═══ EXERCISE MATERIAL ═══

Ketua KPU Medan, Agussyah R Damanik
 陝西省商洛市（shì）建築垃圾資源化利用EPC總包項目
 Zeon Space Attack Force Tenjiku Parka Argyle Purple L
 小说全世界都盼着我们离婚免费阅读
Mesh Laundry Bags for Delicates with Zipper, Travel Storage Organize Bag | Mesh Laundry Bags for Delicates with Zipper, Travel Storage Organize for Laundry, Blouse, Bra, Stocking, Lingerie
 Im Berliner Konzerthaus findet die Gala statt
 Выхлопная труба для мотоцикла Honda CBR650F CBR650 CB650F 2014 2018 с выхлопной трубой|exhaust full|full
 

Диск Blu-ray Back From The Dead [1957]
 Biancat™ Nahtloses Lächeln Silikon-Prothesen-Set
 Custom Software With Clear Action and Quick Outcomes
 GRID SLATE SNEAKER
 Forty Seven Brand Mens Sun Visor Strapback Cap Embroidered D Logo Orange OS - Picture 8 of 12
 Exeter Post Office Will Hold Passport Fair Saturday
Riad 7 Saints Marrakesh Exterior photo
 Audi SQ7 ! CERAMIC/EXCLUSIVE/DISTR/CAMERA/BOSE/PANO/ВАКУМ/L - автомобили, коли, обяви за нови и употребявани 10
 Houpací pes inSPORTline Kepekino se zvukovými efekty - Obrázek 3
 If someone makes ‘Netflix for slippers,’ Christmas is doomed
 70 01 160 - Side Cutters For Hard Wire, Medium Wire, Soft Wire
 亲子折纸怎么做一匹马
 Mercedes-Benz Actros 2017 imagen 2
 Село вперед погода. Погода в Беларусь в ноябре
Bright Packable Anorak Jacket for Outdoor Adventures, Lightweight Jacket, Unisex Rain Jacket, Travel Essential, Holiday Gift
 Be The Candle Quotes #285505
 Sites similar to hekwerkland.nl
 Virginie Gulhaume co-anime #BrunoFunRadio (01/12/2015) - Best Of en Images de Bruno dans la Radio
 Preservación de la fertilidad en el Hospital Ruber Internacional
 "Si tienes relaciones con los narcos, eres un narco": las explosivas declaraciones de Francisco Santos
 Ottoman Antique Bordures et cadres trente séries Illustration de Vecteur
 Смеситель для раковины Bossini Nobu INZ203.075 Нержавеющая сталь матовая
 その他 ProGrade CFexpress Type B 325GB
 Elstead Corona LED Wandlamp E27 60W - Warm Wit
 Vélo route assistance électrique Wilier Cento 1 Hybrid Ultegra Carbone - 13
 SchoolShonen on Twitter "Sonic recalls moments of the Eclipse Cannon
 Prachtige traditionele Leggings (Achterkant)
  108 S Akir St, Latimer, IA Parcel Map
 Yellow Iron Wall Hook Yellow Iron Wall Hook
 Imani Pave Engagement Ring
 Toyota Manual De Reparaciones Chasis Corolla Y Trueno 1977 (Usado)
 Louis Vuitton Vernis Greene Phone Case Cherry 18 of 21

═══

WORK REQUEST -
Would you copy out all the entries above without changing a single character?

EXERCISE ANSWER -
Ketua KPU Medan, Agussyah R Damanik
 陝西省商洛市（shì）建築垃圾資源化利用EPC總包項目
 Zeon Space Attack Force Tenjiku Parka Argyle Purple L
 小说全世界都盼着我们离婚免费阅读
Mesh Laundry Bags for Delicates with Zipper, Travel Storage Organize Bag | Mesh Laundry Bags for Delicates with Zipper, Travel Storage Organize for Laundry, Blouse, Bra, Stocking, Lingerie
 Im Berliner Konzerthaus findet die Gala statt
 Выхлопная труба для мотоцикла Honda CBR650F CBR650 CB650F 2014 2018 с выхлопной трубой|exhaust full|full
 

Диск Blu-ray Back From The Dead [1957]
 Biancat™ Nahtloses Lächeln Silikon-Prothesen-Set
 Custom Software With Clear Action and Quick Outcomes
 GRID SLATE SNEAKER
 Forty Seven Brand Mens Sun Visor Strapback Cap Embroidered D Logo Orange OS - Picture 8 of 12
 Exeter Post Office Will Hold Passport Fair Saturday
Riad 7 Saints Marrakesh Exterior photo
 Audi SQ7 ! CERAMIC/EXCLUSIVE/DISTR/CAMERA/BOSE/PANO/ВАКУМ/L - автомобили, коли, обяви за нови и употребявани 10
 Houpací pes inSPORTline Kepekino se zvukovými efekty - Obrázek 3
 If someone makes ‘Netflix for slippers,’ Christmas is doomed
 70 01 160 - Side Cutters For Hard Wire, Medium Wire, Soft Wire
 亲子折纸怎么做一匹马
 Mercedes-Benz Actros 2017 imagen 2
 Село вперед погода. Погода в Беларусь в ноябре
Bright Packable Anorak Jacket for Outdoor Adventures, Lightweight Jacket, Unisex Rain Jacket, Travel Essential, Holiday Gift
 Be The Candle Quotes #285505
 Sites similar to hekwerkland.nl
 Virginie Gulhaume co-anime #BrunoFunRadio (01/12/2015) - Best Of en Images de Bruno dans la Radio
 Preservación de la fertilidad en el Hospital Ruber Internacional
 "Si tienes relaciones con los narcos, eres un narco": las explosivas declaraciones de Francisco Santos
 Ottoman Antique Bordures et cadres trente séries Illustration de Vecteur
 Смеситель для раковины Bossini Nobu INZ203.075 Нержавеющая сталь матовая
 その他 ProGrade CFexpress Type B 325GB
 Elstead Corona LED Wandlamp E27 60W - Warm Wit
 Vélo route assistance électrique Wilier Cento 1 Hybrid Ultegra Carbone - 13
 SchoolShonen on Twitter "Sonic recalls moments of the Eclipse Cannon
 Prachtige traditionele Leggings (Achterkant)
  108 S Akir St, Latimer, IA Parcel Map
 Yellow Iron Wall Hook Yellow Iron Wall Hook
 Imani Pave Engagement Ring
 Toyota Manual De Reparaciones Chasis Corolla Y Trueno 1977 (Usado)
 Louis Vuitton Vernis Greene Phone Case Cherry 18 of 21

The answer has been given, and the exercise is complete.